Are non-compete agreements always enforceable?

Non-compete agreements are not always enforceable. Florida typically requires that all competition be allowed, and there shall be no restriction of competition, but there’s a separate statute in Florida, which is 542.335 Florida statutes that governs non-compete agreements. That statute requires that there be certain legitimate business interests of the employer set out in the statute such as for example, the protection of trade secrets or the protection of confidential information. The employer has to plead and prove these to be able to force a non-compete covenant.


A covenant not to compete is a promise not to compete. Any time the word covenant is used, covenant is simply a promise. A covenant not to compete is a contractual obligation or a promise not to compete against someone or a company. Typically, non-compete covenants occur in employment contexts where an employer wants to protect its employees from competing against the employer after they depart their employment. It also incurs in sales of businesses, where a business is sold and the buyer of the business wants to ensure that the seller doesn’t simply open up a competing business for it close by, which would defeat the entire purpose of buying the business.

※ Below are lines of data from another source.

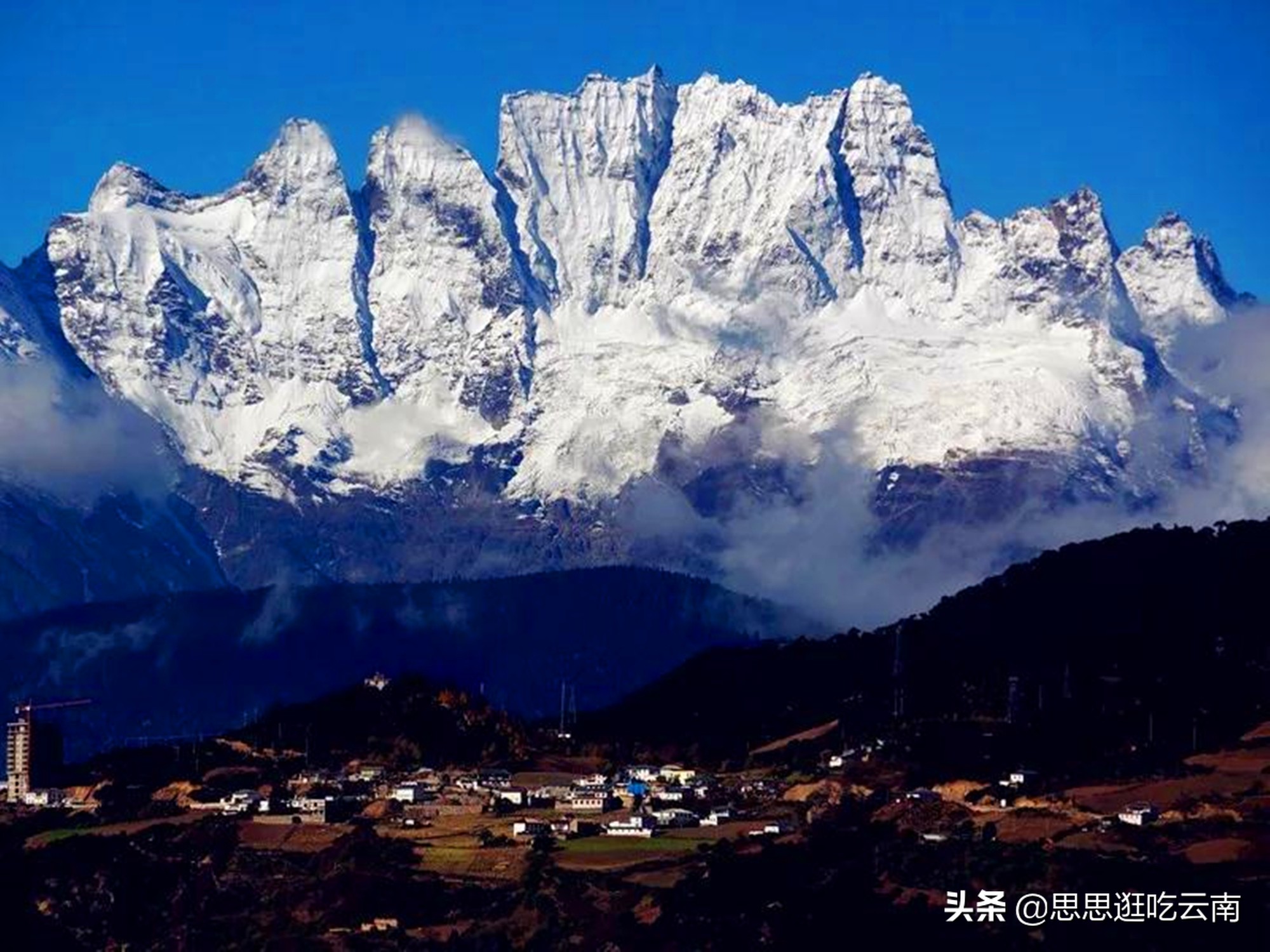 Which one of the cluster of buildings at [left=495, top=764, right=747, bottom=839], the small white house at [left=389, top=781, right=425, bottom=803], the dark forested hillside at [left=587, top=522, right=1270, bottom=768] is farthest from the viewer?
the dark forested hillside at [left=587, top=522, right=1270, bottom=768]

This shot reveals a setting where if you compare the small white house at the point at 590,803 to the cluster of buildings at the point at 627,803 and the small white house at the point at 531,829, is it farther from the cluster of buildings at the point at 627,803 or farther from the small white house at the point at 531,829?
the small white house at the point at 531,829

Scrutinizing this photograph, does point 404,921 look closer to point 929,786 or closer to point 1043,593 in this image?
point 929,786

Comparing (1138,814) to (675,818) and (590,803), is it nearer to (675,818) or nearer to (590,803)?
(675,818)

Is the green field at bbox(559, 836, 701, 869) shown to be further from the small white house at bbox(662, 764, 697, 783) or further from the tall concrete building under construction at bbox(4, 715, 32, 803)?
the tall concrete building under construction at bbox(4, 715, 32, 803)

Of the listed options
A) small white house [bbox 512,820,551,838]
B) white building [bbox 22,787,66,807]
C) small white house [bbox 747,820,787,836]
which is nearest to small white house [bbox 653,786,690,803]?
small white house [bbox 747,820,787,836]

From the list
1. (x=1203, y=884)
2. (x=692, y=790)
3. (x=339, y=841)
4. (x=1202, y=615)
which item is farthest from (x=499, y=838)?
(x=1202, y=615)

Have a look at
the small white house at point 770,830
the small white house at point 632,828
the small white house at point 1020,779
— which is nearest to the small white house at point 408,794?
the small white house at point 632,828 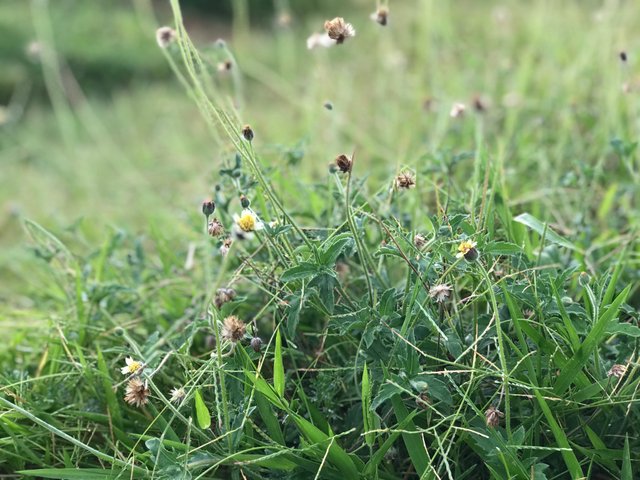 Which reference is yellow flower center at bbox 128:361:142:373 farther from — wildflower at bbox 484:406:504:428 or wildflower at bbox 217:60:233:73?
wildflower at bbox 217:60:233:73

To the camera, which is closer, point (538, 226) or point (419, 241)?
point (419, 241)

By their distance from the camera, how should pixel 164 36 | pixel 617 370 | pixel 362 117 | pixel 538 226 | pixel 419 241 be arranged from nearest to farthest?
1. pixel 617 370
2. pixel 419 241
3. pixel 538 226
4. pixel 164 36
5. pixel 362 117

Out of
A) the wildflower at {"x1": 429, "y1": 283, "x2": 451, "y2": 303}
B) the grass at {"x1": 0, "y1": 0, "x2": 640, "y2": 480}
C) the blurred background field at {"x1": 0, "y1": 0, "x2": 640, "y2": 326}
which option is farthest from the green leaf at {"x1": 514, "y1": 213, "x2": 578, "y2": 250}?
the wildflower at {"x1": 429, "y1": 283, "x2": 451, "y2": 303}

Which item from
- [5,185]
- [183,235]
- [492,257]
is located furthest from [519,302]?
[5,185]

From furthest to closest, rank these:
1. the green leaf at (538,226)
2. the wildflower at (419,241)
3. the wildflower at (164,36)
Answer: the wildflower at (164,36), the green leaf at (538,226), the wildflower at (419,241)

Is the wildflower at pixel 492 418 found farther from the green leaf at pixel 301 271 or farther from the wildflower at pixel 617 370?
the green leaf at pixel 301 271

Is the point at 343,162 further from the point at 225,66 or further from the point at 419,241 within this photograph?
the point at 225,66

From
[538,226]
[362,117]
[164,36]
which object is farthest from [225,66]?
[362,117]

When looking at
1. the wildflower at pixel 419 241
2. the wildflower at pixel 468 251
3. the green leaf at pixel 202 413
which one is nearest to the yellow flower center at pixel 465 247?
the wildflower at pixel 468 251

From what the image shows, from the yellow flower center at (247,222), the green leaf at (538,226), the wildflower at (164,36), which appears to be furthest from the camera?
the wildflower at (164,36)

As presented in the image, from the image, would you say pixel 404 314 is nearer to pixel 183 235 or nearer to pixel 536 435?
pixel 536 435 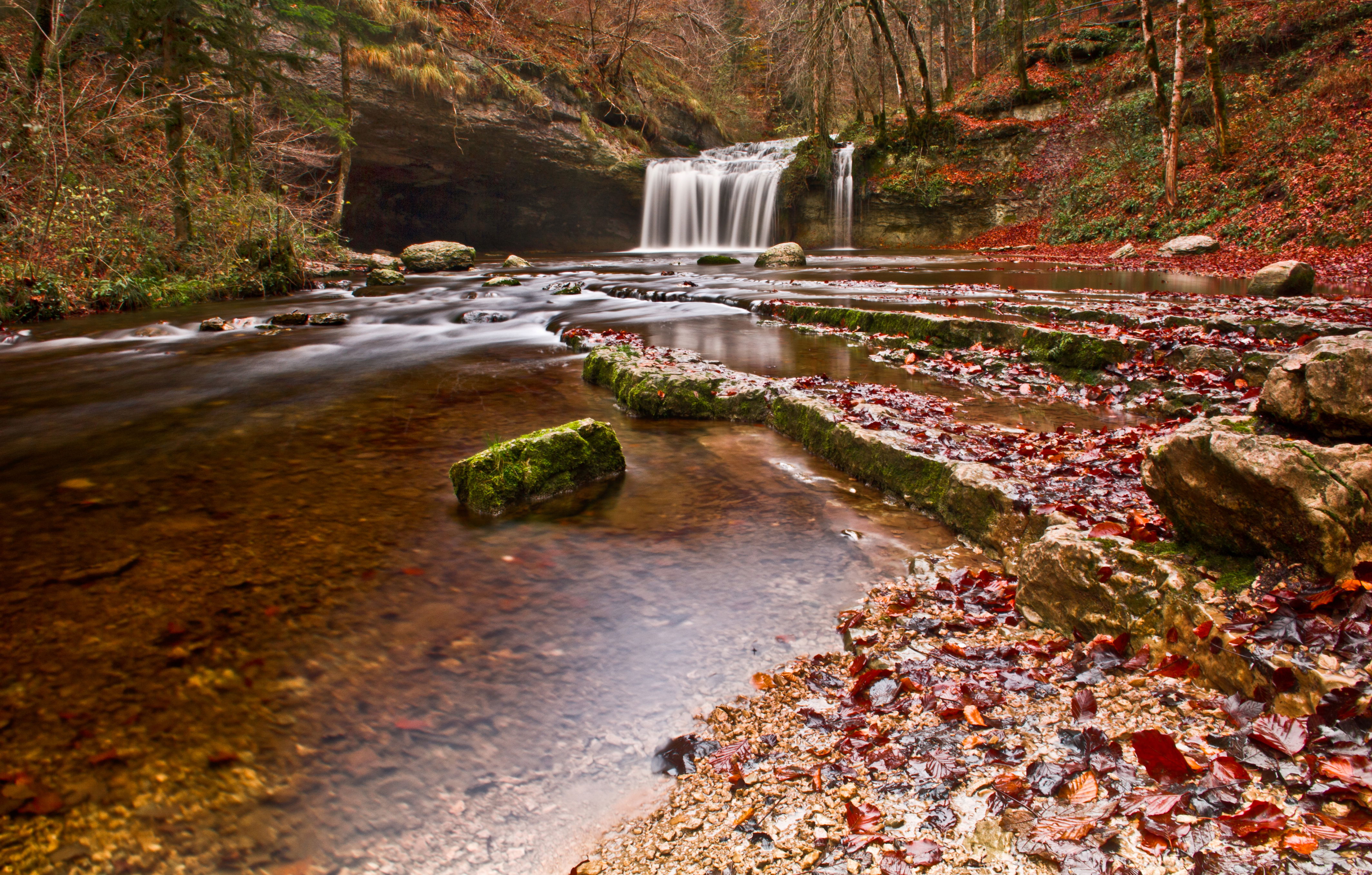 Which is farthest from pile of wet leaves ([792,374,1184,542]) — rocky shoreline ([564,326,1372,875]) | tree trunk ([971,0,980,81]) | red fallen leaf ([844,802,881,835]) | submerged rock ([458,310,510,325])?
tree trunk ([971,0,980,81])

What is a non-solicitation agreement?

A nonsolicitation agreement basically requires that the person signing it agree not to contact or solicit or obtain clients of another business or sometimes employees of that business. Typically, nonsolicitation agreements will occur either in the sale of a business, where the buyer of the business wants to ensure that it retains the clientele and the employees of the business it’s buying, or in employment relationships, where the employers wants to ensure that if an employee leaves his employment or her employment, that employee is not going to contact and obtain the customers or the employees with whom he used to work or she used to work.

What is a non-compete clause?

A non-compete clause is a provision in a contract where one party promises not to compete against another party in certain circumstances. For example, a party agrees not to open a competing business within a certain geographic limit, or possibly a non-solicitation provision is a part of the non-compete provision, not to hire certain employees of a previous employer or another business.

What is a trade secret and what are an employee’s obligations?

A trade secret is something that derives independent value because it’s not generally known. An employer wants to ensure that this trade secret is kept secret from its competitors, because it gets a competitive advantage by having this trade secret. An employee’s obligations are not to divulge that trade secret or to let it be known by others who could make use that would be harmful to the employer.


Under Florida law and in many states, there is an obligation of a duty of loyalty by the employee to the employer. That means the employee cannot do acts that would be harmful to the interest of the employer. An example would be an employee who starts a competing business while still working for the employer. When that happens, there’s been a breach of the duty of loyalty, and the employer can sue the employee for lost profits and other damages.